Global trade finance gap hits $1.6 trillion, says ADB

Global trade finance gap even wider than last year – but should banking regulations shoulder the blame?

Red tape and a lack of financial backing to buyers and sellers of physical goods around the world are blighting national job-creation plans and slowing the progress of SMEs, according to a new report from the Asian Development Bank (ADB).

In a poll of 337 banks in 114 countries, together with 791 corporates in 96 countries, the ADB found that in 2015, the global trade finance gap widened to $1.6 trillion from the $1.4 trillion recorded for 2014.

The data indicates that trade finance gaps persist largely because of the cost and complexity of complying with banking regulations – with 90% of financial respondents citing anti-money laundering and KYC requirements as impediments to their ability to expand trade finance, particularly to small firms.

Basel III banking regulations, which set liquidity requirements for bank finance, also fell foul of respondents, with 77% highlighting them as a major barrier against the funding of new trade.

ADB Trade Finance Programme chief Steven Beck said: “The survey shows that both globally and nationally, regulators and policymakers should increase support for trade finance through smarter banking regulations, more transparent and comprehensive credit ratings systems, and capacity building for local banks.”

However, previous research indicates that banks and financial institutions themselves are partly to blame for trade finance failing to reach growing firms, thanks to an apparent bias towards larger players.
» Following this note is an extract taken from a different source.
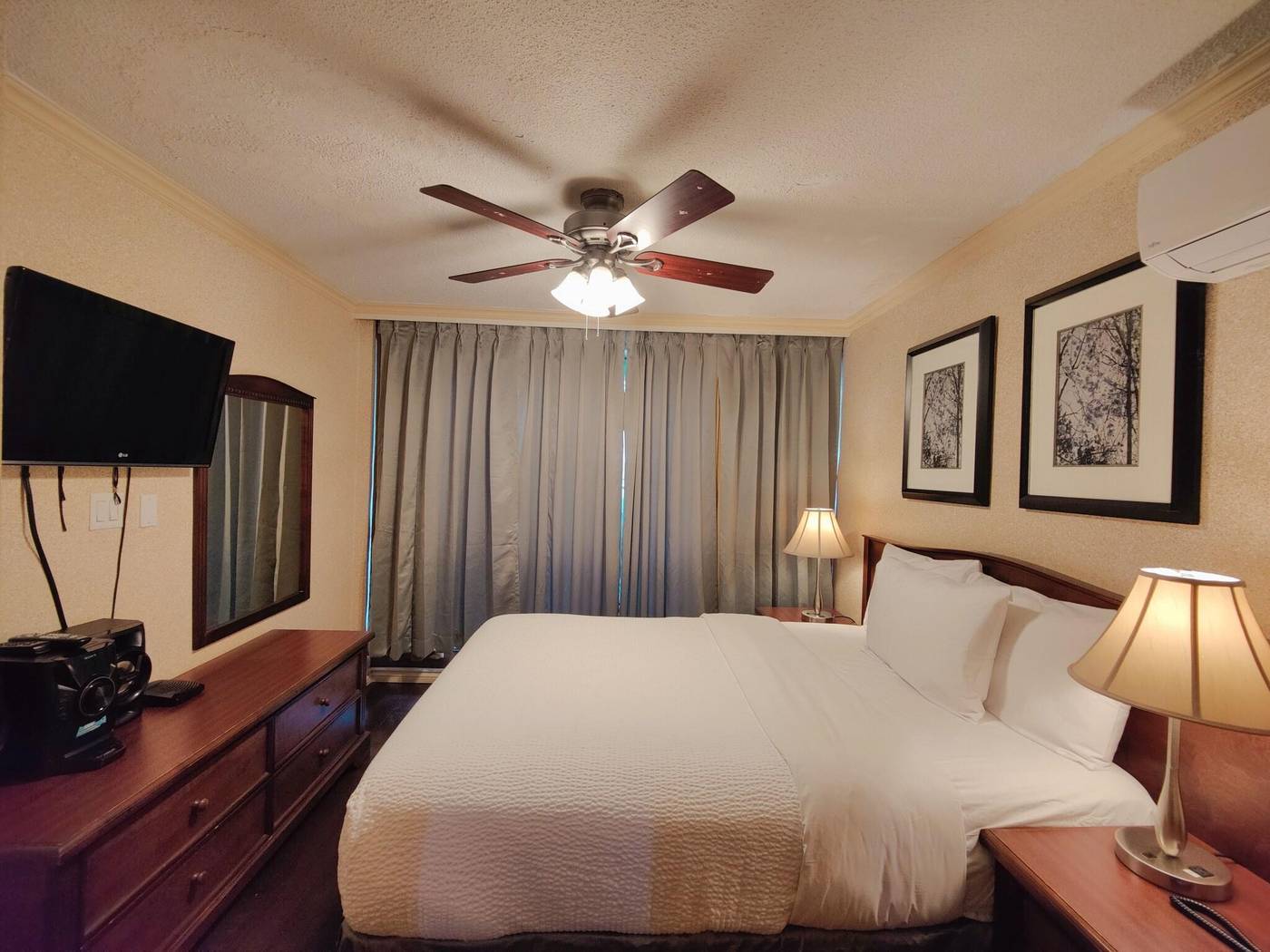 Divya-Sutra-Suites-on-Robson-Downtown-Room-15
As The Treasurer reported in May, a report from the World Trade Organization (WTO) noted that globally, more than half of SME trade finance applications are turned down – compared with a rejection rate of just 7% for multinationals.

That is despite research in the 2013 International Chamber of Commerce Trade Finance Loss Register, which showed that the average default rate on short-term, international trade credit is no more than 0.021% – of which 57% is typically recovered through the sale of the underlying assets.

Further statements from senior figures at heavyweight trade bodies suggest that there are multifactorial causes behind hindrances to trade finance.

In a July blog, the International Centre for Trade and Sustainable Development chief Ricardo Meléndez-Ortiz argued that shortcomings in cross-border data flows are a limiting factor for some territories.

He also noted: “Where countries put in place strong enabling environments, including around infrastructure, education [and] enterprise development… value chains – both regional and international – can offer opportunities for economic upgrading and diversification critical for growth and development,” in economies of all sizes.